A motion compensator is a device that decreases the undesirable effects of the relative motion between two connected objects.  Motion compensators are usually placed between a floating object and a more stationary object, such as a vessel or a structure fixed to the seabed. The motion compensator does not prevent the motion, but tries to eliminate the negative effects of the movement. These negative effects include (1) the changes in force and stresses, and (2) the hysteresis, i.e., the rapid start-and-stop "jerking" of the objects. 

A heave compensator is a kind of motion compensator. Whereas most motion compensators will compensate for movement in all directions, the heave compensator will compensate for movement in only one direction, for instance, for vertical movement. In practice, the words motion compensator and heave compensator are used interchangeably. Sensor technologies being used are inertial sensors and GNSS (example: iMAR Navigation) or image processing.

The simplest motion compensator is the anchor chain of a ship. Not only does the anchor prevent the ship from drifting, but the chain itself dampens the movement of the ship due to undulating motion of the waves.  Generally, motion compensators are implemented as springs. For very large forces (dozens to hundreds of tonnes), the springs are implemented as gas springs: hydropneumatic devices — a plunger cylinder buffered by a volume of gas.

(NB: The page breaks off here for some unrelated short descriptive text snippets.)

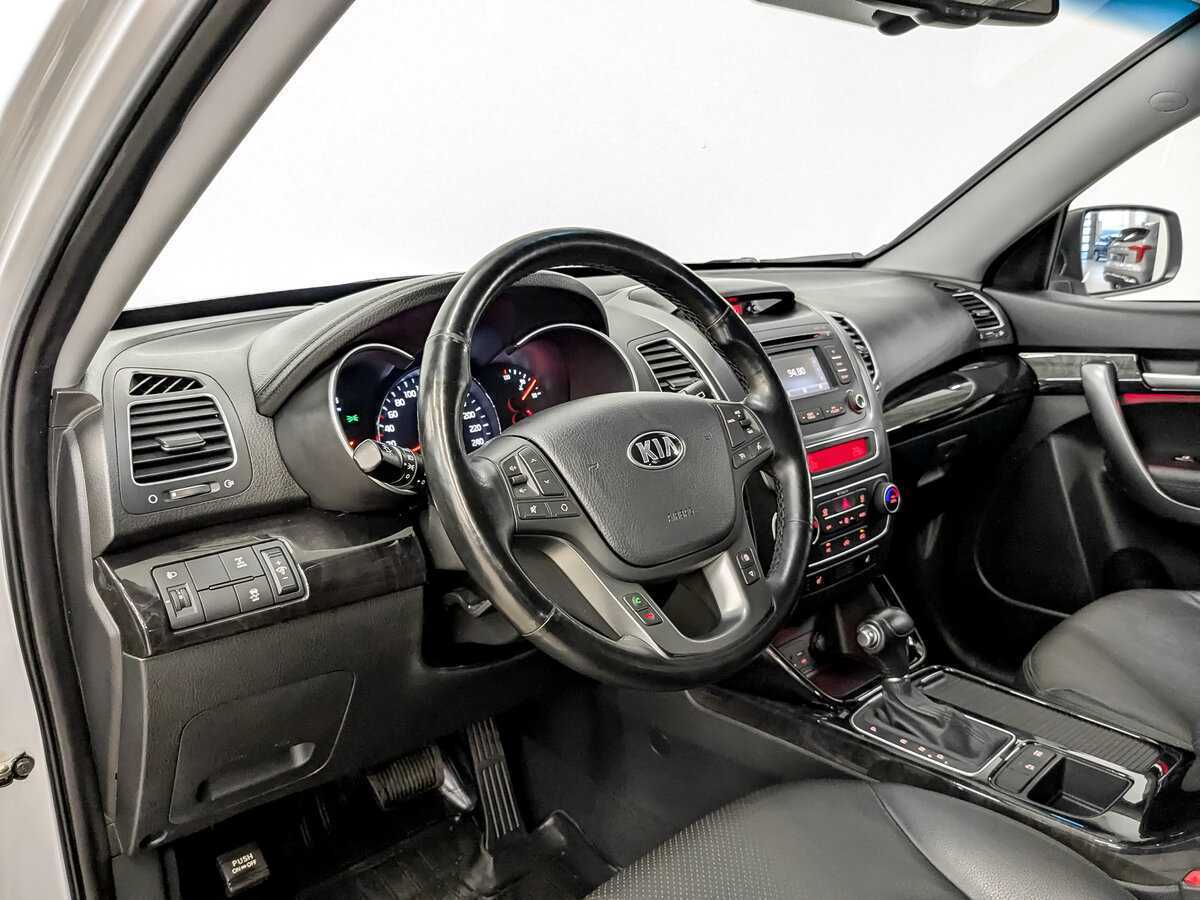 Купить Kia Sorento с пробегом. Фото: #15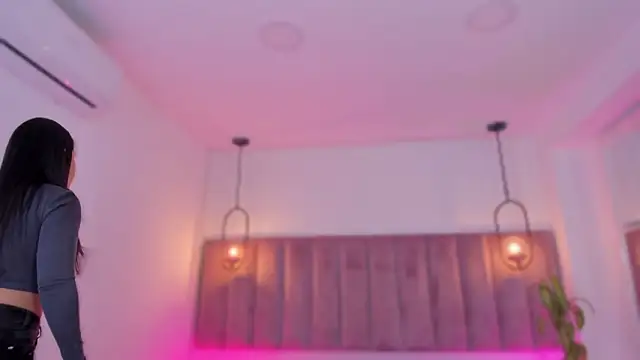 Haily b online show from February 2026 08:07:02 PM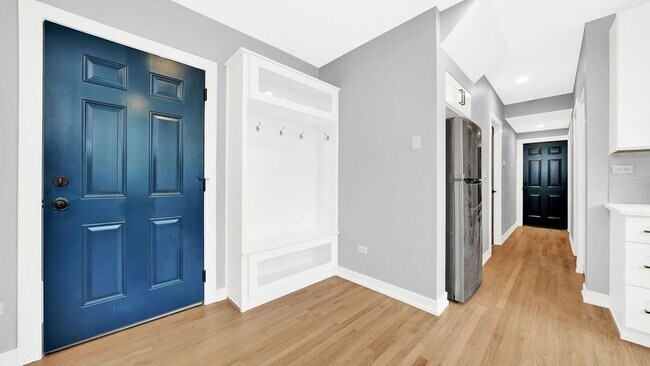 Foto del edificio - 2704 W 24th Pl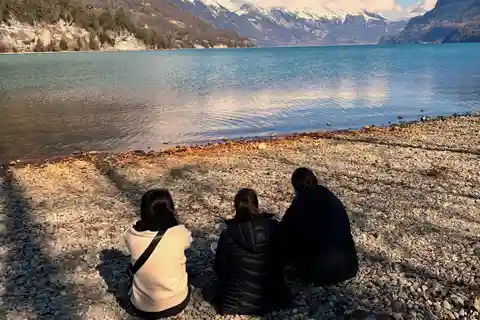 Interlaken: Lake Thun Sunset Bike Tour with Sundowner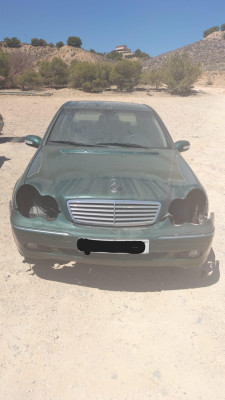 MERCEDES-BENZ CLASE C (BM 203) BERLINA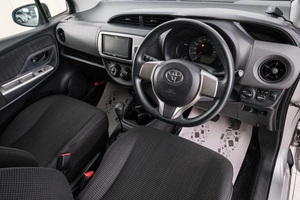Хетчбэк Toyota Vitz 2015 года, 849000 рублей, Красноярск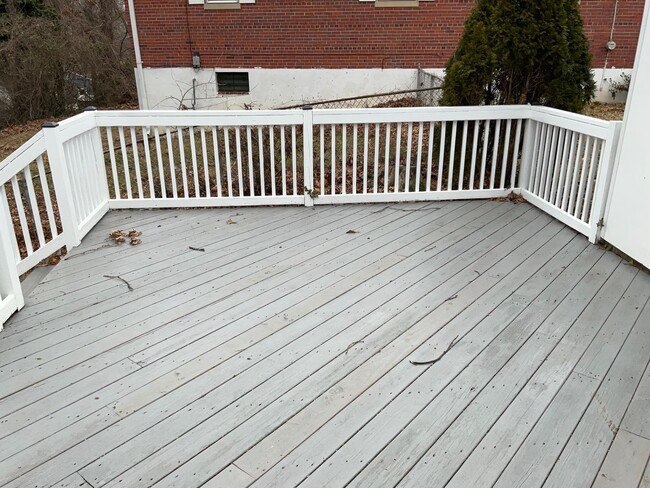 Building Photo - Fully updated 4BR 2BA single family brick home in Connecticut Ave Estates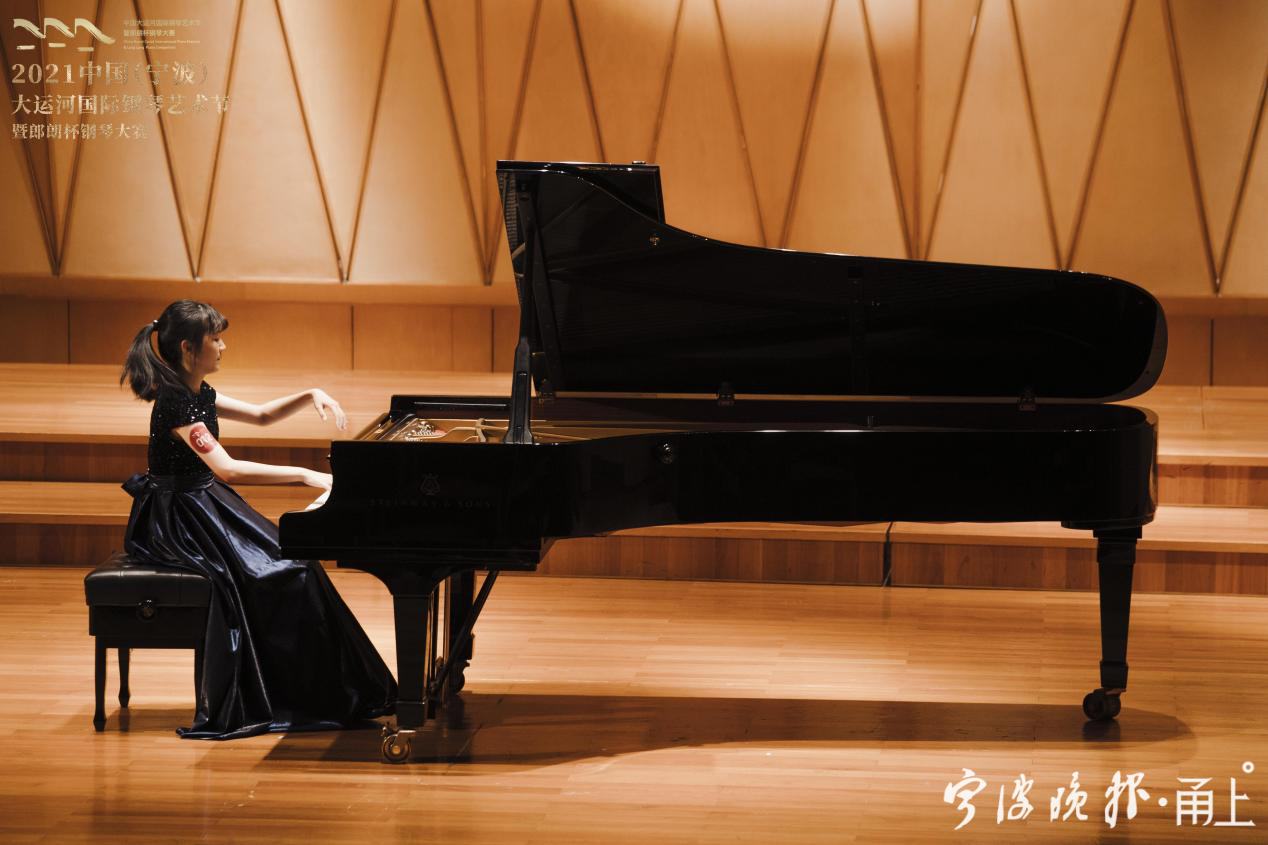 宁波选手张亦格在比赛中  通讯员供图2021中国(宁波)大运河国际钢琴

Examples of heave compensators include:
Drill string compensators
Riser tensioners
Conductor tensioners
Guideline tensioners

More advanced heave compensated systems are often specified as systems with Passive Heave Compensation or Active Heave Compensation or combinations of these. A new approach to advanced heave compensation systems is offered by Balanced Heave Compensation, increasing safety while lowering energy consumption and spring adjustment times.